• _What you need to do_
Transcribe the listing underneath, keeping each word exact and omitting the images.

• _Dataset content_
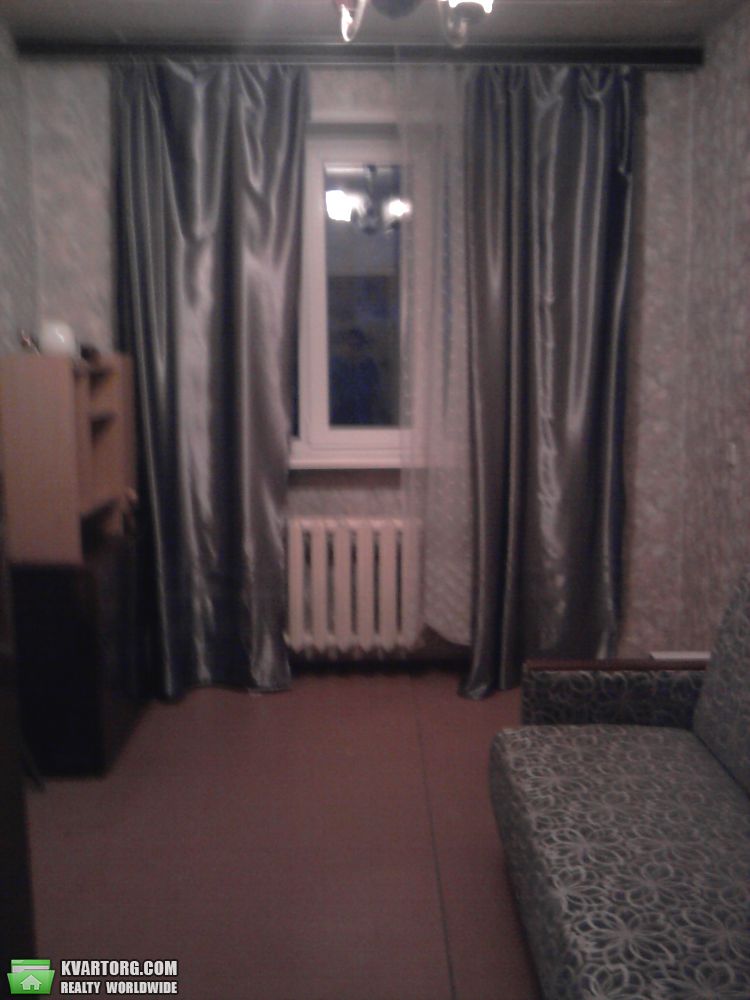 Sell 2-room apartment. Киев,  Школьная — photo 4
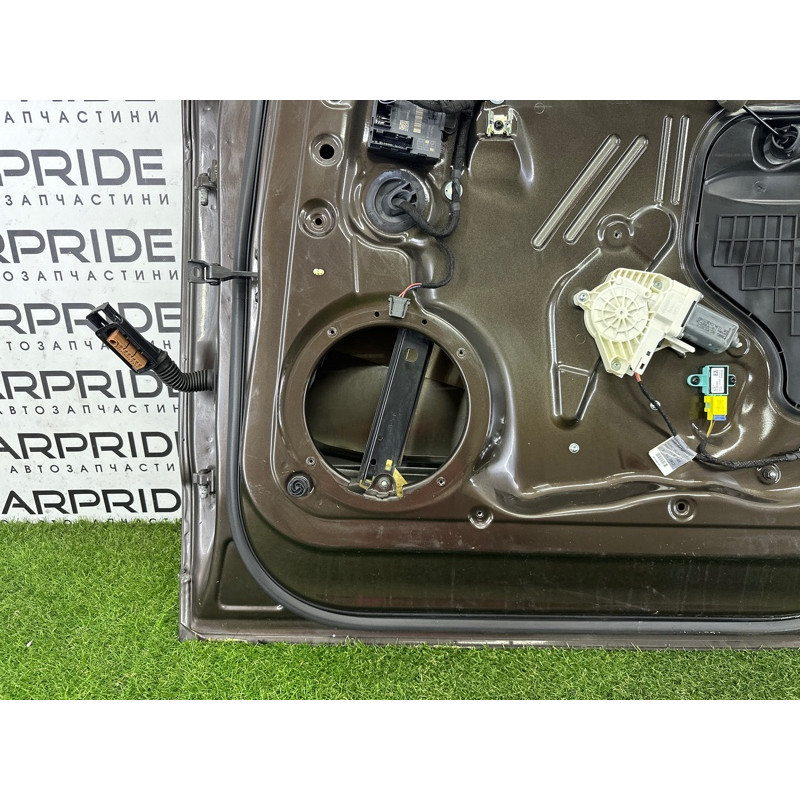 Дверь (наружные элементы кузова) AUDI Q5 8R 2012 2.0 CAEB 8R0831052E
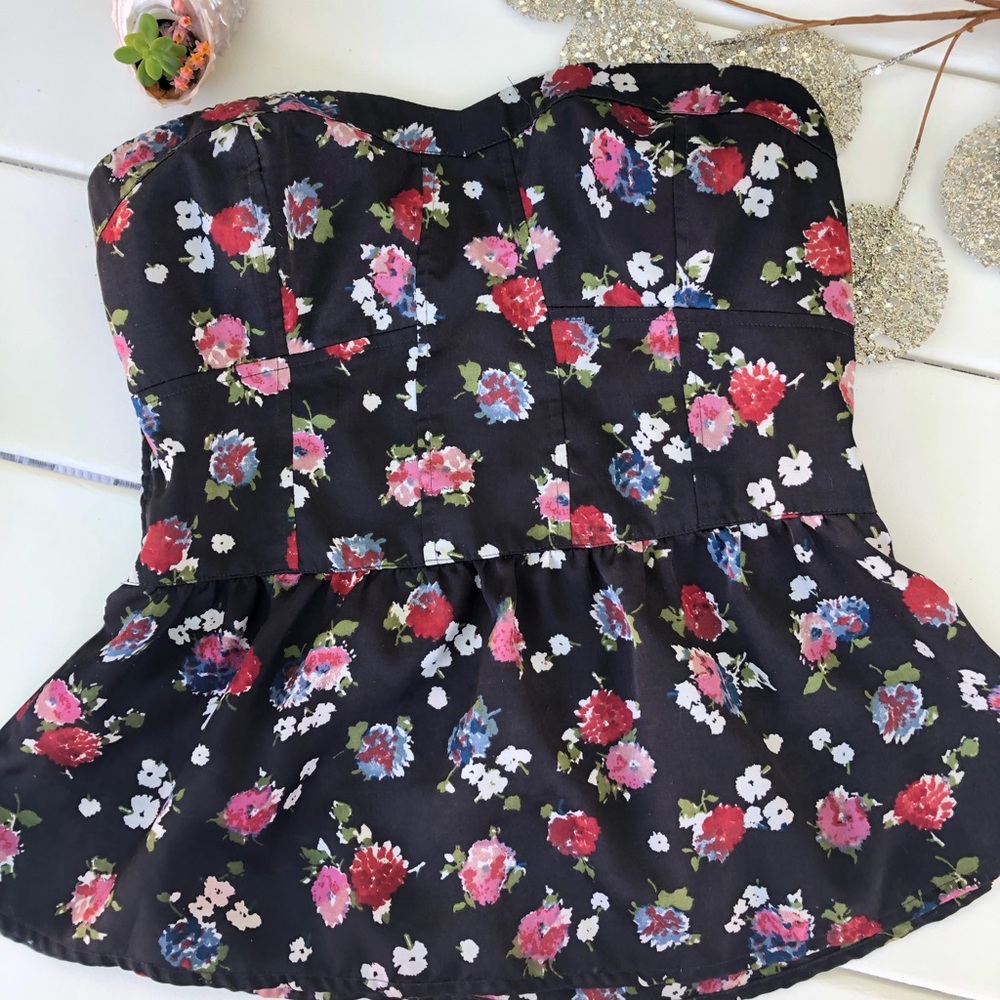 💕 American Eagle Outfitters Strapless Floral Top!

• _Your solution_
 Sell 2-room apartment. Киев,  Школьная — photo 4
 Дверь (наружные элементы кузова) AUDI Q5 8R 2012 2.0 CAEB 8R0831052E
 💕 American Eagle Outfitters Strapless Floral Top!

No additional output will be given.